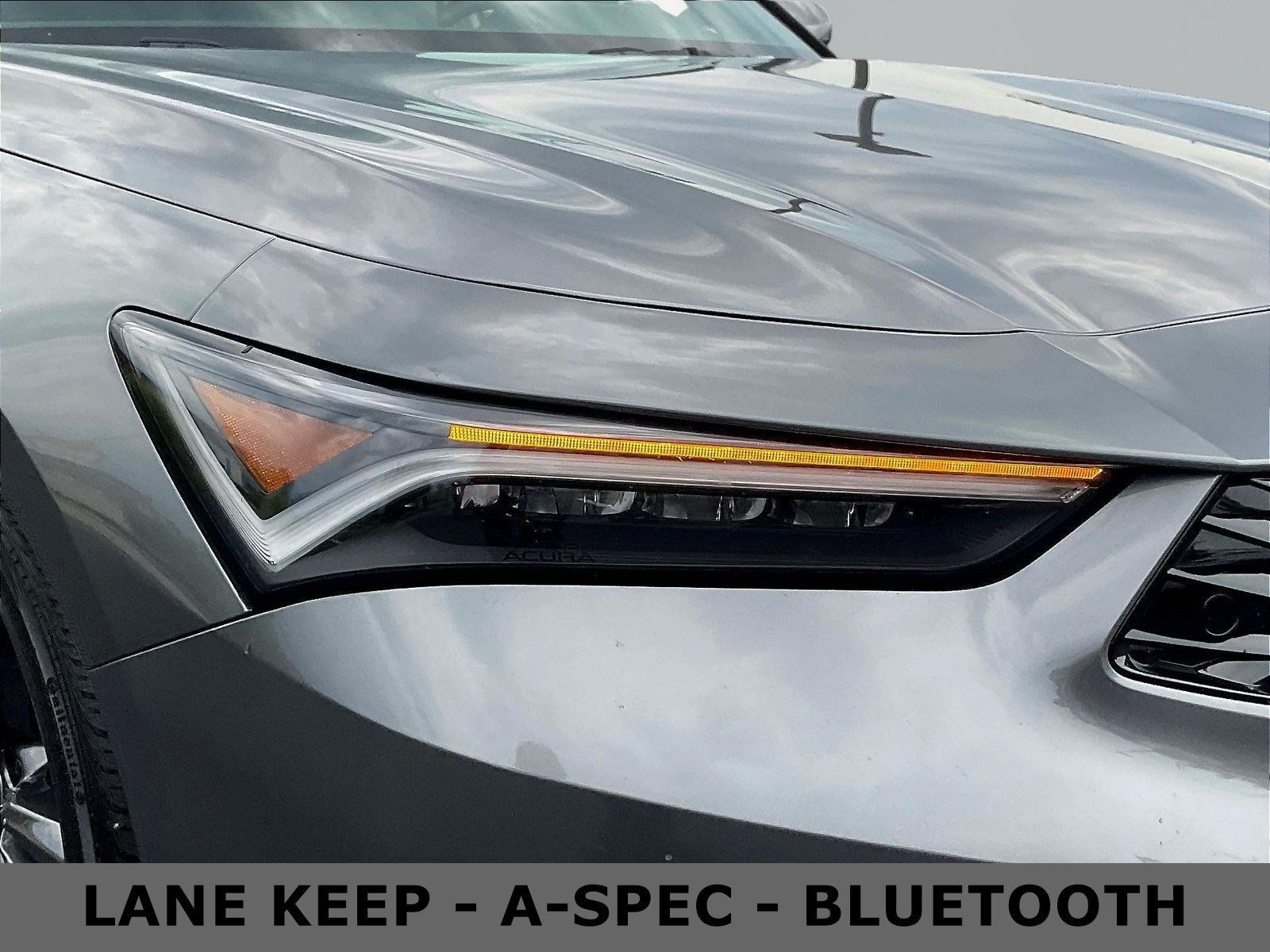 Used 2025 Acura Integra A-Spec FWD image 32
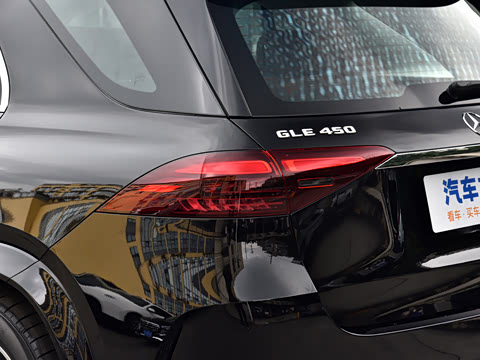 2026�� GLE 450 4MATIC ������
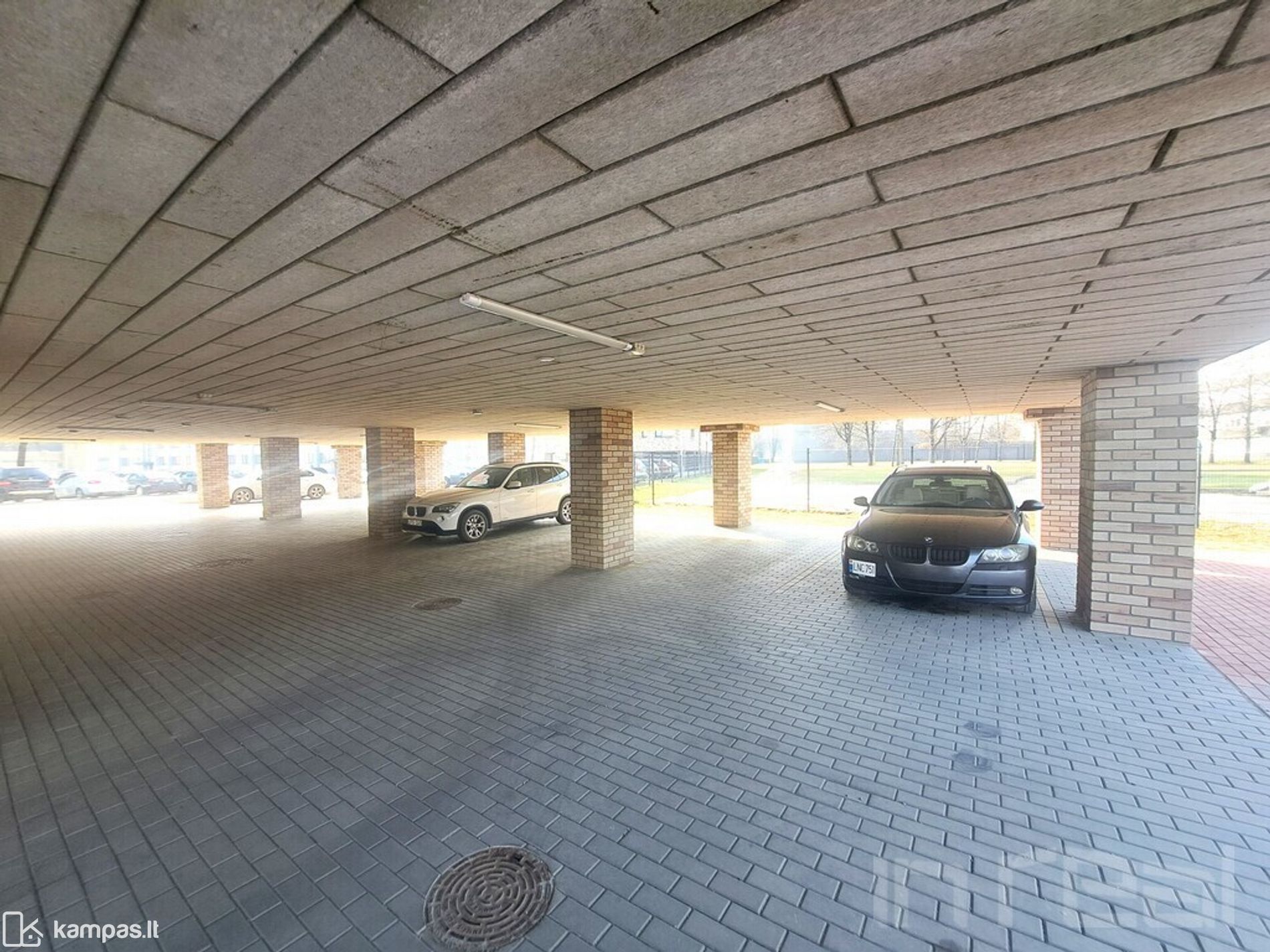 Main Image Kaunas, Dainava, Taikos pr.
---
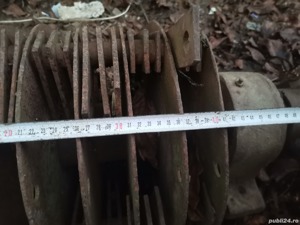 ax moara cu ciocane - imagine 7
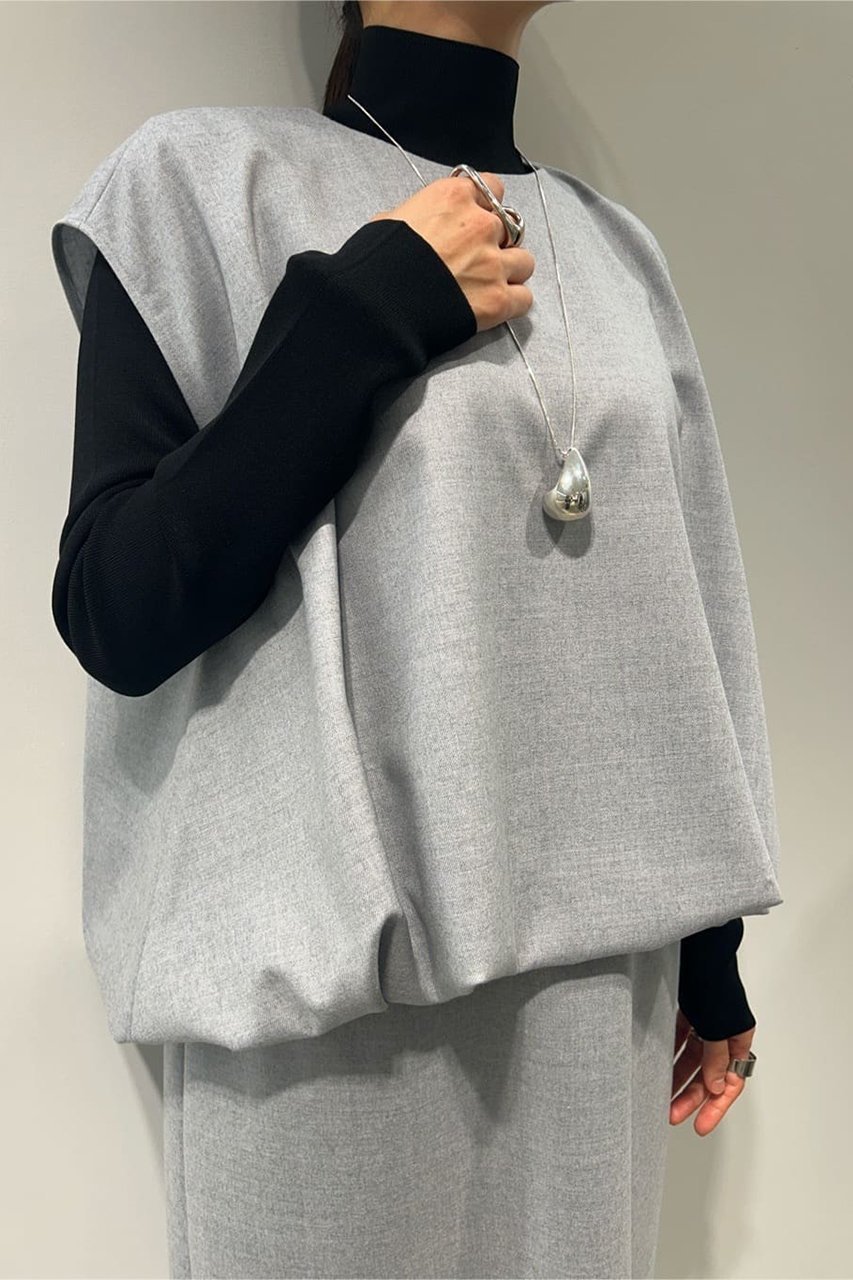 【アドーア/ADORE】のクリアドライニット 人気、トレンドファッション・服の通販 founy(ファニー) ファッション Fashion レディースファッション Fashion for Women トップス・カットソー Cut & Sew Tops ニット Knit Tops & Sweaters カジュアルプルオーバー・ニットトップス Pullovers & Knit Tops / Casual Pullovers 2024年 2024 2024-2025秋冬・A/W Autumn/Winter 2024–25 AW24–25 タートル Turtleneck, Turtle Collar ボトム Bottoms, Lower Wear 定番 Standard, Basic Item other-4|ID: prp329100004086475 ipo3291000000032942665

Problem statement>
Transcribe, from the material above, the stretch starting at the line with "Used 2025 Acura Integra A-Spec FWD image 32" and ending at the line with "Main Image Kaunas, Dainava, Taikos pr.", both included, exactly. Do not carry over pictures.

Response to the exercise>
 Used 2025 Acura Integra A-Spec FWD image 32
 2026�� GLE 450 4MATIC ������
 Main Image Kaunas, Dainava, Taikos pr.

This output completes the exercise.